The German officers had exercised admirable restraint in describing the behaviour of some of the local womenfolk. However, the Craven Herald reproduced an article from a sensationalist Sunday newspaper the ‘Empire News’. Referring to German officers being escorted on walks through the town centre under guard, it said: ‘To women who have to pass them the situation is embarrassing and all the women in Skipton are not like those who visited the camp and threw cigarettes and sweets to those behind the wire.’

Meanwhile reports of events in Skipton had inflamed great passion elsewhere. The Craven Herald published a letter from Private Davison from Barnoldswick who was serving with the British Army ‘somewhere in France’. He had read about events in and about Skipton elsewhere and did not mince his words.
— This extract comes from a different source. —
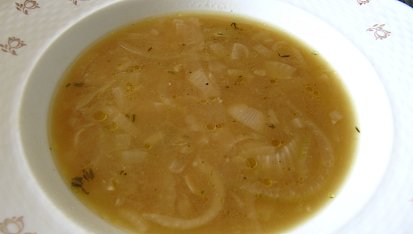 Cibulová polévka s tymiánem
Understandably enraged he wrote: ‘To read in our English papers that English girls are becoming familiar with these fiends is almost beyond comprehension… Is this why we have given up home comforts, yes, thousands of lives and made thousands of widows and orphans? I am a Cravenite and were I to see a German prisoner in company with a British girl I should not hesitate to separate them even if it necessitated force.’

The Craven Herald located in the heart of Skipton had hitherto refrained from referring to the subject because no reliable facts had emerged, or indeed would emerge.

The German officers were pining for the girls they had left behind. Few women matched their visions of classical beauty or the comeliness of a typical German girl. And in Skipton they said that even in peacetime they had never seen so many overweight people before. They particularly remembered the vast girth of a girl at the Royal Oak who, they said, was a true colossus in female form.

They avidly read the pages of the gentlemen’s magazine ‘La Vie Parisienne’ which found its way to them from France. A reporter entering the camp after the German officers had left found, ‘The barber’s shop… was galleried with these exclusive pictures and the responsible organ – sent forth weekly from a Paris publishing house – lay, discarded near the door.’

If the German officers could not see real women they could see some very good imitations! The undoubted highlights of life in the camp were the regular theatrical productions performed in the Old Mess. The officers took great pride in the professionalism of their productions. It was a measure of their resourcefulness and ingenuity. A few officers specialised in performing female roles. Beautiful young ladies were needed even in comedies like ‘The Importance of Being Earnest’ written by Oscar Wilde. Again attention to detail hoped to create the illusion that the world outside did not exist for a couple of hours at least.

The camp newspaper published early in 1919 had none of the reserve of the German memoir. The jokes at the expense of their fellow prisoners were merciless, and locked in a camp there was nowhere to go to find solace. One can only guess at the stories behind the small ads. Lemin & Ramcke were advertising their services as nude models for sculptors and painters. The Kohlenbusch Marriage Bureau was offering its services, claiming to be highly respectable and discreet, and Lore Eisen had broken off her engagement with Herr Wegen. All the names were thinly disguised references to officers at Raikeswood Camp.

Finally Otto Goerg who was captured at Cambrai in 1917 regularly wrote from Skipton to his eighteen-year-old sweetheart Lizzie. Their love story is being painstakingly unravelled from a collection of letters which has recently come to light. Separation by hundreds of miles during wartime cannot have been easy. How did their romance fare? Some of the letters will go on display in Craven Museum when it reopens this year when all will hopefully be revealed.